Steven H. Emerman, Janae R. Nelson, J. Kade Carlson and Tracy K. Anderson
Department of Earth Science, Utah Valley University, Orem, Utah 84058, USA
Department of Geology, Tri-Chandra Campus, Tribhuvan University, Kathmandu, Nepal
Basanta R. Adhikari
Pulchok Campus, Institute of Engineering, Tribhuvan University, Kathmandu, Nepal
Recent studies have shown that elevated groundwater As occurs even in Kathmandu and Pokhara Valleys in Nepal, two tectonic valleys well upstream of the floodplain of the Ganges River. Moreover, studies in both valleys showed surface water As to be statistically indistinguishable from groundwater As, which led to the fluvial recharge model in which elevated groundwater As results from losing streams with elevated As, which is a consequence of rapid erosion caused by a combination of monsoon climate, tectonic uplift and deforestation. The objective of this study was to further test the fluvial recharge model in Mustang Valley, the third major tectonic valley in Nepal Himalaya far upstream from the floodplain of the Ganges River.
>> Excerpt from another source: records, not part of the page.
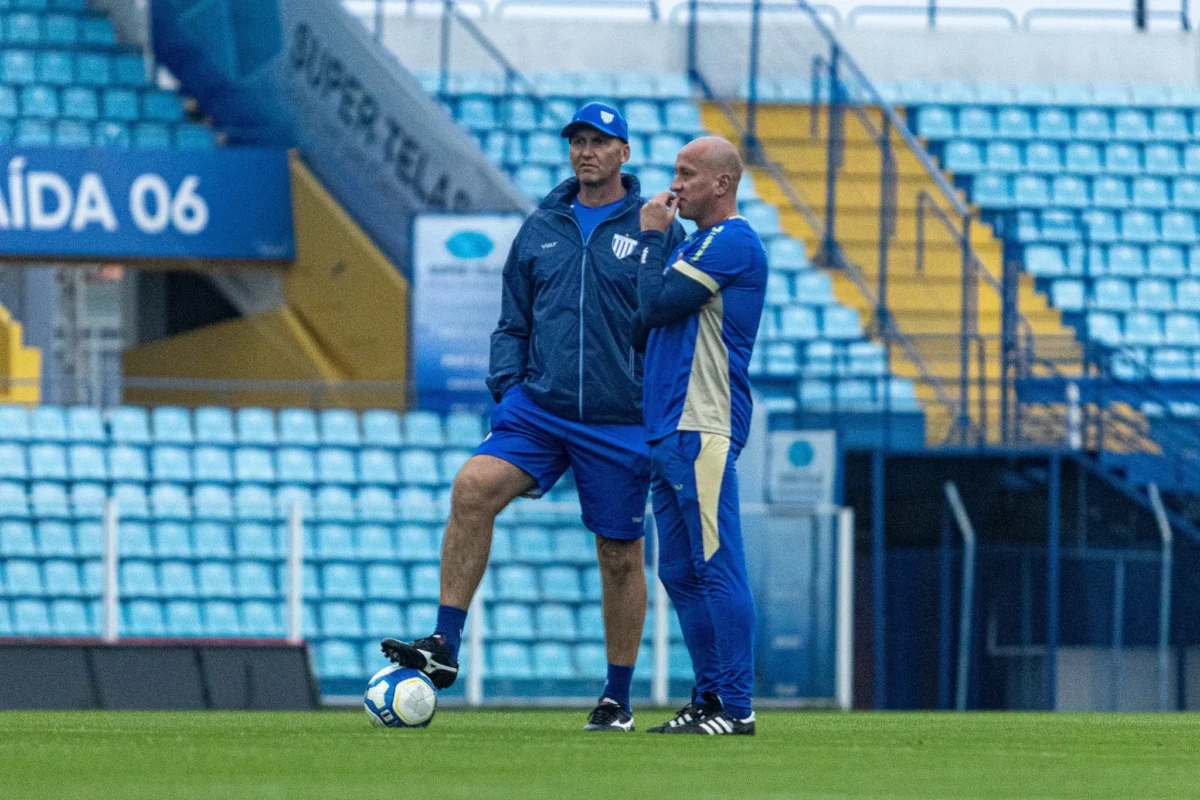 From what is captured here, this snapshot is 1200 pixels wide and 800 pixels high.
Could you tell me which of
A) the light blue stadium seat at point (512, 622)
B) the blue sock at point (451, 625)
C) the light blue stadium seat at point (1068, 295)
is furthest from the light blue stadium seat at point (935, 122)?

In May 2011 water samples were collected from 33 surface water sites (24 directly from streams and 9 from canals, pipes or taps fed by streams) and 24 groundwater sites (10 directly from springs and 14 from pipes or taps fed by springs). The WHO As Standard was exceeded in 47% of surface water samples and 79% of groundwater samples, including all nine functioning water taps in Lo-Manthang, the largest village. Separating samples into a high-As Region I (geometric mean As = 0.071 mg/L) and a low-As Region II (undetectable As for 85% of samples) showed that surface water As and groundwater As were statistically indistinguishable within each region. Only Region I receives overland flow from the exposed Mustang and Mugu Granites. The correspondence between groundwater As and watershed surface lithology is further evidence for the fluvial recharge model.